# Instructions for the task:
Keep every word of the listing and reproduce it exactly, but set aside any image found there.

# Exercise data:
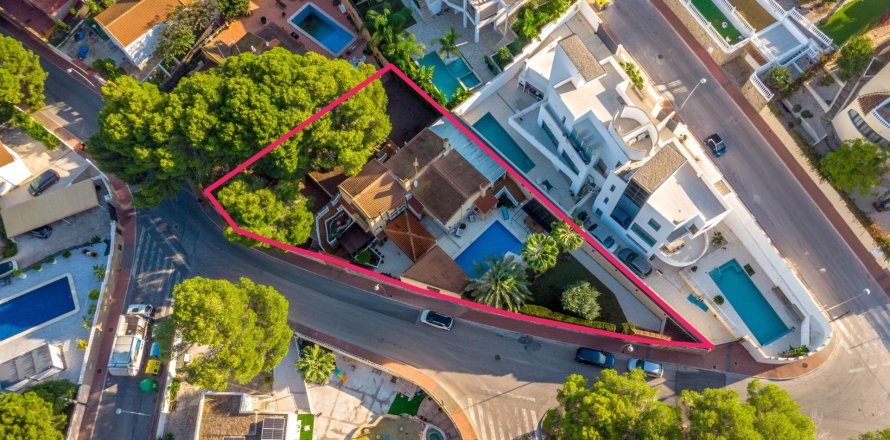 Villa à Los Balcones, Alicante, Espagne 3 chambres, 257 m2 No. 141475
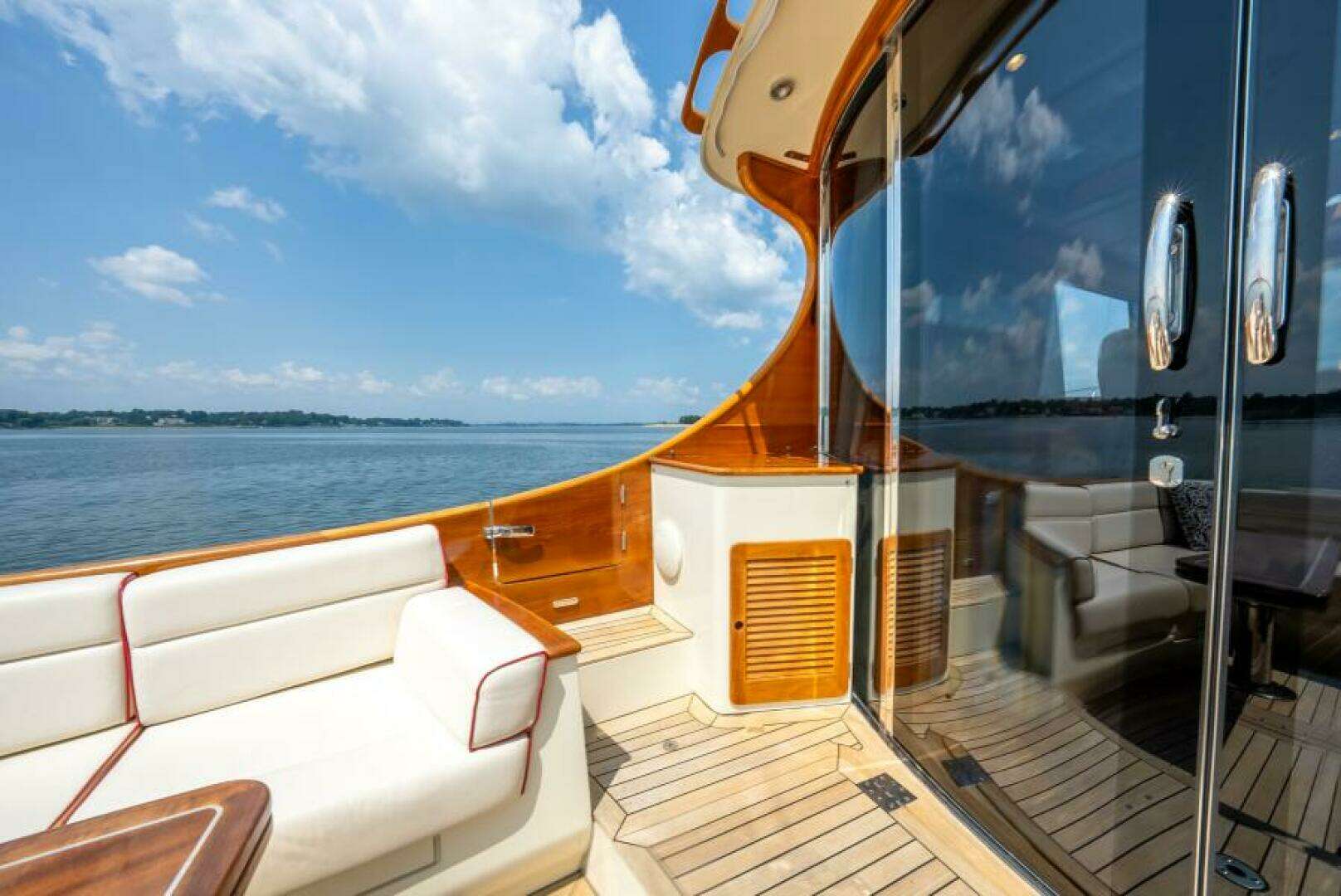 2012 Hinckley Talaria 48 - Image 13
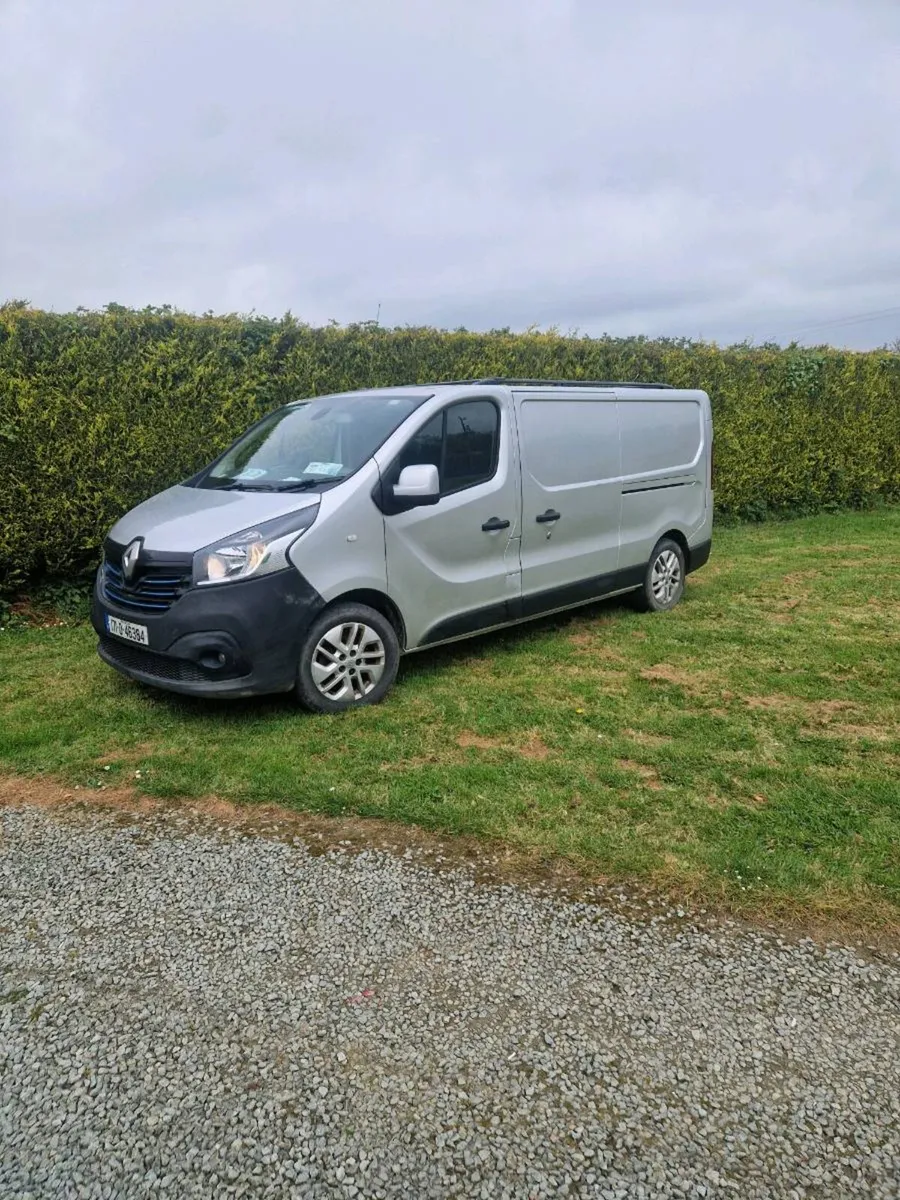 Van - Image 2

# Answer to this exercise:
 Villa à Los Balcones, Alicante, Espagne 3 chambres, 257 m2 No. 141475
 2012 Hinckley Talaria 48 - Image 13
 Van - Image 2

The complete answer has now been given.